Image-caption web data:
▼▼▼
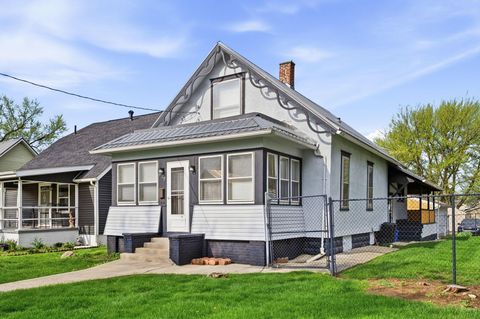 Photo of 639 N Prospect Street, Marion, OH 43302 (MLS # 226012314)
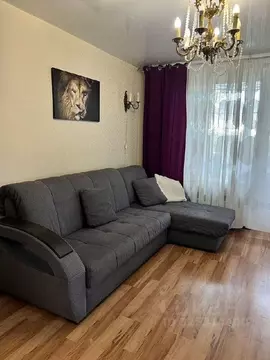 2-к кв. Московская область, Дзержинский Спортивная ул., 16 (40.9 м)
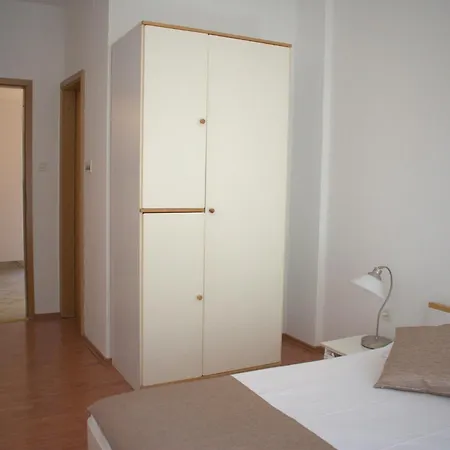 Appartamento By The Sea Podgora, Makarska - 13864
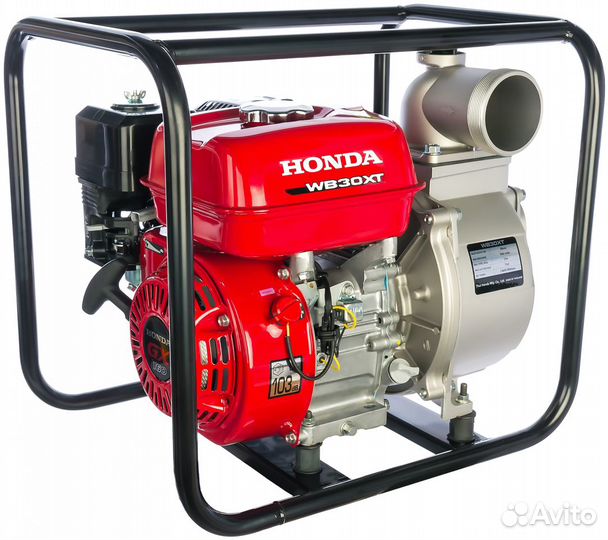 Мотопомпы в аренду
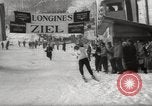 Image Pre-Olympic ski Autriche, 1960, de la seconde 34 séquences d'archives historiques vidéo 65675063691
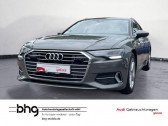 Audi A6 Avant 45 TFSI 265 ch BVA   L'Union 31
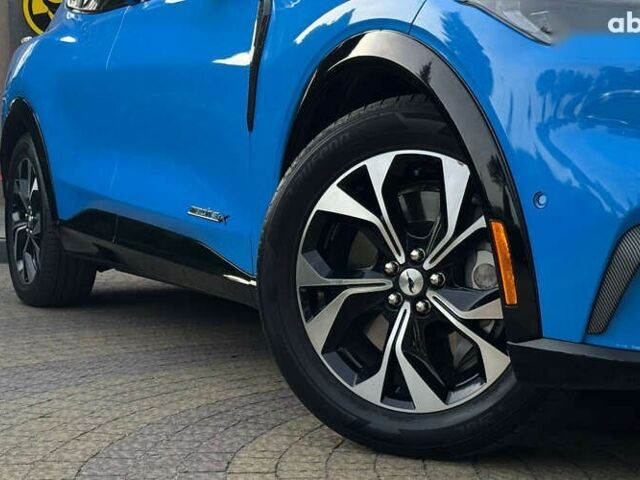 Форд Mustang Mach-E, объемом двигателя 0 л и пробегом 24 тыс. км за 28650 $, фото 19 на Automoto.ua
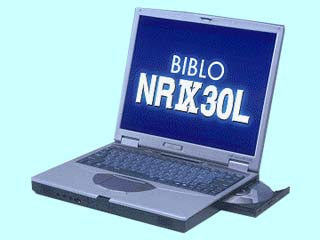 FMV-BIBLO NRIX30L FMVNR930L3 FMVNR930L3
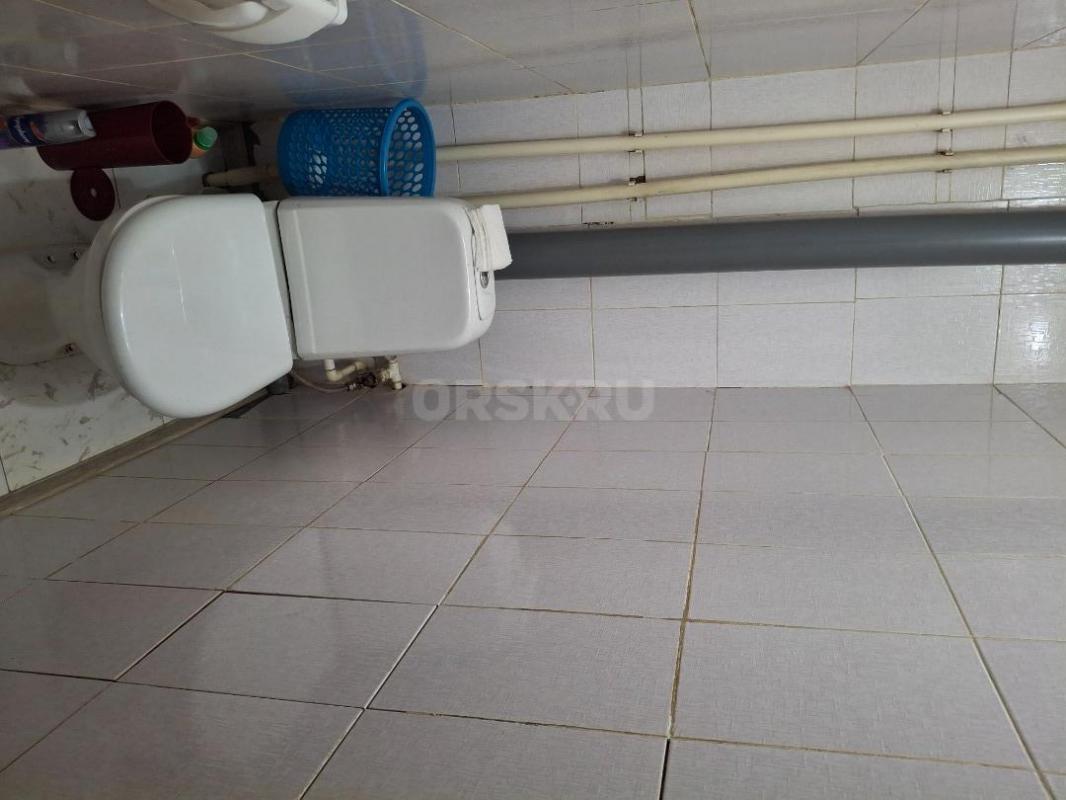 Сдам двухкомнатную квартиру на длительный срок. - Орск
▲▲▲
▼▼▼
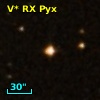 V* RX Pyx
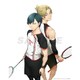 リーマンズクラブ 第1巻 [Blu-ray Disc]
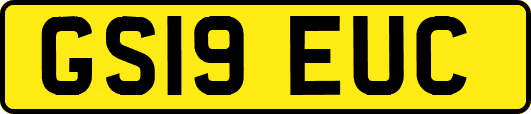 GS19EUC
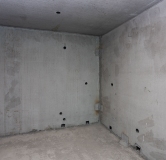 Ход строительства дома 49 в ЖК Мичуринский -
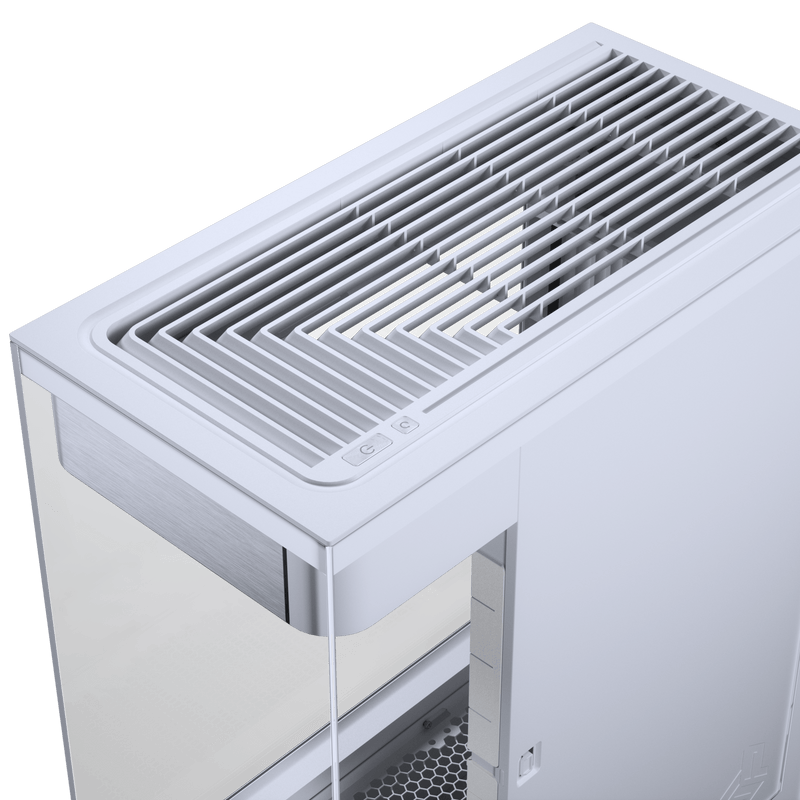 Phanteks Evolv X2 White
▲▲▲
| Work to complete |
Give back exactly the lines above that run from the one with "FMV-BIBLO NRIX30L FMVNR930L3 FMVNR930L3" to the one with "Сдам двухкомнатную квартиру", including both, with the pictures left out.

| Task solution |
 FMV-BIBLO NRIX30L FMVNR930L3 FMVNR930L3
 Сдам двухкомнатную квартиру на длительный срок. - Орск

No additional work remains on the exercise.